Se você precisa pagar por algo muito mais caro do que deveria
custar para se sentir especial, então você não é especial. Se você precisa da
aprovação de outras pessoas para se sentir importante, então você não é
importante. Se você precisa mentir, puxar o tapete ou trair alguém para se
sentir bem sucedido, então você não é bem sucedido. Pode acreditar, os atalhos
não funcionam aqui.
E sabe o que é pior? Essa vaidade faz com que seu povo evite
bater de frente com os outros. Todo mundo quer ser legal com todo mundo e acaba
ou ferrando o outro pelas costas, ou indiretamente só para não gerar confronto.
Por aqui, se alguém está 1h atrasado, todo mundo fica esperando
essa pessoa chegar para sair. Se alguém decide ir embora e não esperar, é visto
como cuzão. Se alguém na família é irresponsável e fica cheio de dívidas, é
meio que esperado que outros membros da família com mais dinheiro ajudem a
pessoa a se recuperar. Se alguém num grupo de amigos não quer fazer uma coisa
específica, é esperado que todo mundo mude os planos para não deixar esse amigo
chateado. Se em uma viagem em grupo alguém decide fazer algo sozinho, este é
considerado egoísta.
É sempre mais fácil não confrontar e ser boa praça. Só que onde
não existe confronto, não existe progresso.
Como um gringo que geralmente não liga a mínima sobre o que as
pessoas pensam de mim, eu acho muito difícil não enxergar tudo isso como uma
forma de desrespeito e auto-sabotagem. Em diversas circunstâncias eu acabo
assistindo os brasileiros recompensarem as “vítimas” e punirem àqueles que são
independentes e bem resolvidos.
Por um lado, quando você recompensa uma pessoa que falhou ou
está fazendo algo errado, você está dando a ela um incentivo para nunca
precisar melhorar. Na verdade, você faz com que ela fique sempre contando com a
boa vontade de alguém em vez de ensina-la a ser responsável.
Por outro lado, quando você pune alguém por ser bem resolvido,
você desencoraja pessoas talentosas que poderiam criar o progresso e a inovação
que esse país tanto precisa. Você impede que o país saia dessa merda que está e
cria ainda mais espaço para líderes medíocres e manipuladores se prolongarem no
poder.
E assim, você cria uma sociedade que acredita que o único jeito
de se dar bem é traindo, mentindo, sendo corrupto, ou nos piores casos, tirando
a vida do outro.
As vezes, a melhor coisa que você pode fazer por um amigo que
está sempre atrasado é ir embora sem ele. Isso vai fazer com que ele aprenda a
gerenciar o próprio tempo e respeitar o tempo dos outros.
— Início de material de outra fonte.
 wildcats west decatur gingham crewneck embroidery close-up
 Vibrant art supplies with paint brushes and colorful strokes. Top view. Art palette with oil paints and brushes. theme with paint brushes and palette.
Outras vezes, a melhor coisa que você pode fazer com alguém que
gastou mais do que devia e se enfiou em dívidas é deixar que ele fique
desesperado por um tempo. Esse é o único jeito que fará com que ele aprenda a
ser mais responsável com dinheiro no futuro.
Eu não quero parecer o gringo que sabe tudo, até porque eu não
sei. E deus bem sabe o quanto o meu país também está na merda (eu já escrevi aqui sobre
o que eu acho dos EUA).
Só que em breve, Brasil, você será parte da minha vida para
sempre. Você será parte da minha família. Você será meu amigo. Você será metade
do meu filho quando eu tiver um.
E é por isso que eu sinto que preciso dividir isso com você de
forma aberta, honesta, com o amor que só um amigo pode falar francamente com
outro, mesmo quando sabemos que o que temos a dizer vai doer.
E também porque eu tenho uma má notícia: não vai melhorar tão
cedo.
Talvez você já saiba disso, mas se não sabe, eu vou ser aquele
que vai te dizer: as coisas não vão melhorar nessa década.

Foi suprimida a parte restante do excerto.